Electronic Recordkeeping

Implementation of Imaging Technology for Recordkeeping at the World Bank

by Clive D. Smith
This article describes the evolution of an electronic document management system that includes recordkeeping components and how the Pittsburgh requirements were used to evaluate it at one crucial point in its development. Some key features of this effort from a recordkeeping perspective are the following:

The World Bank's Knowledge Base

The World Bank is a large international organization, headquartered in Washington, DC, with offices in 81 developing countries and Brussels, London, New York, Paris and Tokyo. When established in 1946, the main function of the bank was to lend money to developing countries for the purpose of improving their economies and reducing poverty. During the 50 years of its existence, the role of the bank has changed. Whereas, when it was established, it was the principal source of funds for development lending, now it is only one of many sources of such funds. However, it has become a unique repository of accumulated experience and knowledge, which is, of course, contained primarily in the bank's records and archives. Consequently, the retrieval of information from the bank's records has come to assume greater importance. This is evidenced in part by the adoption of a new disclosure policy, under which the bank opened a Public Information Center in January 1994. The Center makes available copies of many categories of bank documents.

Paper or Electronic?

The records that contain the sort of information in most demand are documents such as reports, correspondence, minutes, transcripts or agreements. For at least 10 years, those produced within the bank have been generated, for the most part, electronically. At the same time, however, most of the bank's correspondents have not been capable of receiving documents in any medium other than paper, and most of the documents received by the bank have been in paper form. This is still the case today.

Also, as many as 25 separate files may be used to generate a single complex bank document. Recent studies have shown that, even with improvements in technology, it is still easier to publish such complex documents from printouts generated from the various electronic files used to create them, than to try to combine those files. Consequently, paper has continued to be the medium for preservation, even for the documents created electronically. Furthermore, some members of the World Bank Group are engaged in litigation that can occur in almost any country in the world. Therefore, the bank's recordkeeping practices cannot be governed solely by U.S. rules of evidence, legislation or practice in the admissibility of records. For these reasons, the bank's official records are still primarily in paper.

Long Term Strategy for Electronic Document Management

Nevertheless, for many years the bank has been developing a capability to manage its documents (and its records) in electronic form.

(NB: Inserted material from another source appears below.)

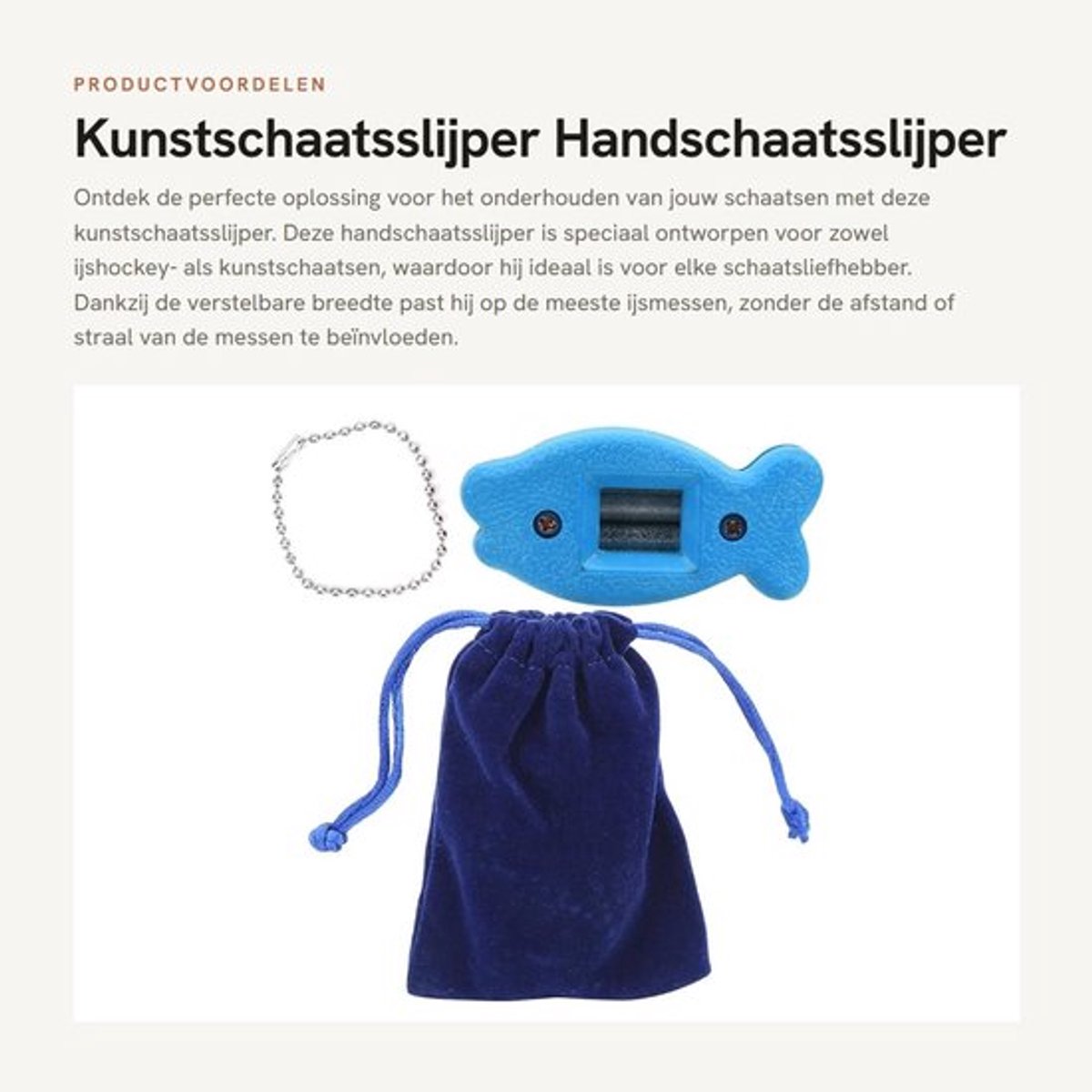 Kunstschaatsslijper Draagbaar - Verstelbare Breedte - Handschaatsslijper - Opbergtas - Hoogwaardige Kunststof - Duurzaam en Sterk - Schaatsslijper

A paper prepared in 1989 envisaged a three-tiered architecture, allowing for the management of electronic documents at the institutional level (Tier 3), and within locally managed (i.e., departmental or work group) and individual (i.e., personal) systems (Tiers 2 and 1, respectively). The paper noted that the tools for Tier 1 were generally available and in place, but that Tier 2 required the greatest attention and experiment. For Tier 3, the principal problems were the lack of a single vehicle to deliver text services to all staff and the integration of text bases with other related information. Subsequent refinement of this architectural model has tended to focus on the state of documents at the various levels: documents in Tier 1 are considered to be an individual's working or reference copies; they are not records. Documents in Tier 2 are being worked on or used collaboratively and are records, but may not require preservation. Documents in Tier 3 are in their final form and are records that do require preservation.

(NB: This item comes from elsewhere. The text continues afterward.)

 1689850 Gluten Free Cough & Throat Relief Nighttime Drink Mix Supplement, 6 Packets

As tools to support requirements have gradually become available (or promise to become available), the bank has moved to position itself to transition from paper-based recordkeeping systems to systems that would enable records to be created and maintained solely in electronic form. The implementation of a standard bank-wide network (the Enterprise Network) has solved the problem of a bank-wide delivery mechanism. It has greatly facilitated the sharing of documents and the standardization of applications and platforms. Document imaging technology has provided an additional means of implementing Tier 3 - capturing of final-form documents at an institutional level and making them accessible across the institution. The more recent development of reliable collaborative or work group tools promises to enable Tier 2.

Initial Imaging Projects: Tier 3 Developments

Over five years ago, the bank started looking at imaging technology as a means of improving the accessibility of many of its documents. The first collection of documents considered for scanning was the Bank Reports collection. This collection included economic and sector reports, country studies, project appraisal and evaluation reports, research and working papers. For many years, these documents have been systematically cataloged, abstracted and microfiched.

The technology selected was Electronic Filing System (EFS) from Excalibur Technologies. This was chosen primarily because of its search engine, especially its "fuzzy" search logic, which eliminated the need for clean text for searching purposes. More than 13,000 documents have now been scanned and included in this collection, and they are now available to bank staff via the bank's Intranet, although this does not support searches on the text of the documents. Staff can search by a range of profile fields, including country, sector, date, author, title, report number, loan number and type of document. They can view either the image or the text of each page or can place a request for a paper copy. Copies are printed from the image files and have proven to be better quality than copies reproduced from the microfiche.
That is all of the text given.